We had the privilege this weekend to visit the New Mexico Steam Locomotive & Railroad Historical Society’s workshop near Old Town Albuquerque, to tour the ongoing restoration efforts on the immense 1944 Atchison, Topeka & Santa Fe Railroad Steam Locomotive (#2926). This monumental effort has been going on since the locomotive was acquired from the City of Albuquerque in 2000 for $1.00.
The 2926 operated between 1944 and 1956, logging more than one million miles of service before retiring to Albuquerque’s Coronado City Park. Sadly, time, vandalism, and the elements were not kind to the locomotive over the 44 years it sat in the park.

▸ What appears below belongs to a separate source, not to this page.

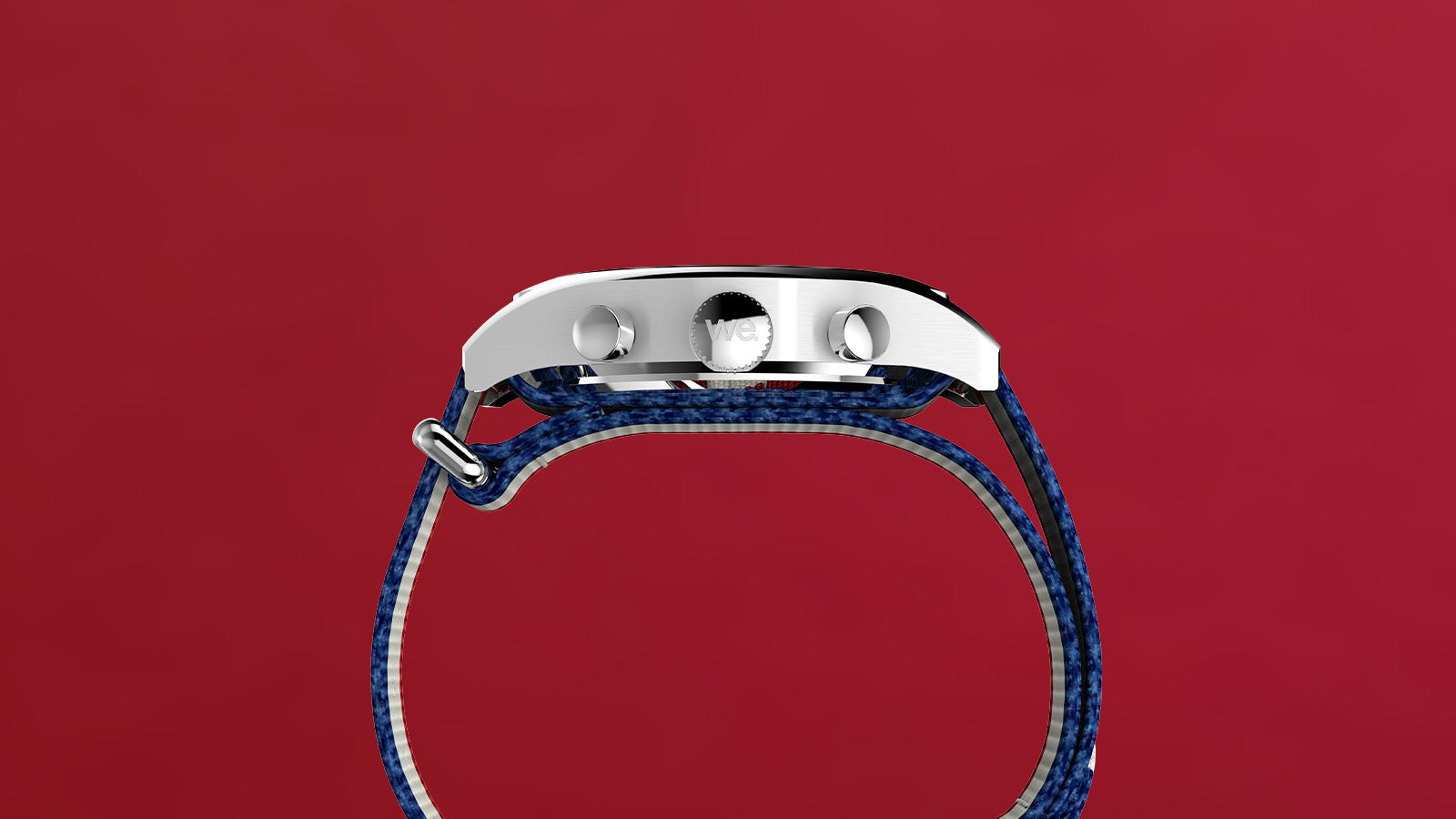 Side view of the Timex Weekender New England Chronograph watch, highlighting the stainless steel case, crown, and pushers with blue strap against a red background.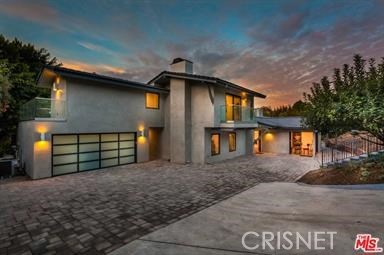 Front of home at Dusk behind electronic Gate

Thankfully, the love, hard work, and dedication of the society’s members has brought this magnificent machine back to life – to the point were it was briefly operated under its own power for the first time in 65 years last summer (July 2021). The society “hopes” to eventually run limited excursions using the locomotive, if they can successfully negotiate the sea of red tape and hurdles that it takes to do so.
Here are a few fascinating facts about this muscular engineering marvel and the effort to restore it:
- Weight = 510,150 pounds and with its tender fully loaded = 974,850 pounds
- Length of locomotive and tender = 121 feet
- Started service: May 9, 1944
- Primary service was from Los Angeles through Raton Pass and into SW Kansas
- Built by: Baldwin Locomotive Works
- More than 209,000 volunteer hours have been spent restoring the 2926 as of 2020
- $3.7 million in contributions towards the restoration which is 95+% complete
- Added to the National Register of Historic Places in 2007
If you are interested in contributing to this impressive restoration effort, here is the contact information for the New Mexico Steam Locomotive & Railroad Historical Society:
Address: NMSLRHS; P.O. Box 27270; Albuquerque, NM 87125-7270
Phone: (505) 246-2926 (Wed. & Sat. 9:00 AM – 3:00 PM Mountain Time)
Hopefully, the dedication and countless volunteer hours will help lead to the 2926 becoming a preeminent tourist attraction in Albuquerque and New Mexico for many years to come. It is truly a magnificent engineering marvel and an important part of New Mexico’s transportation history!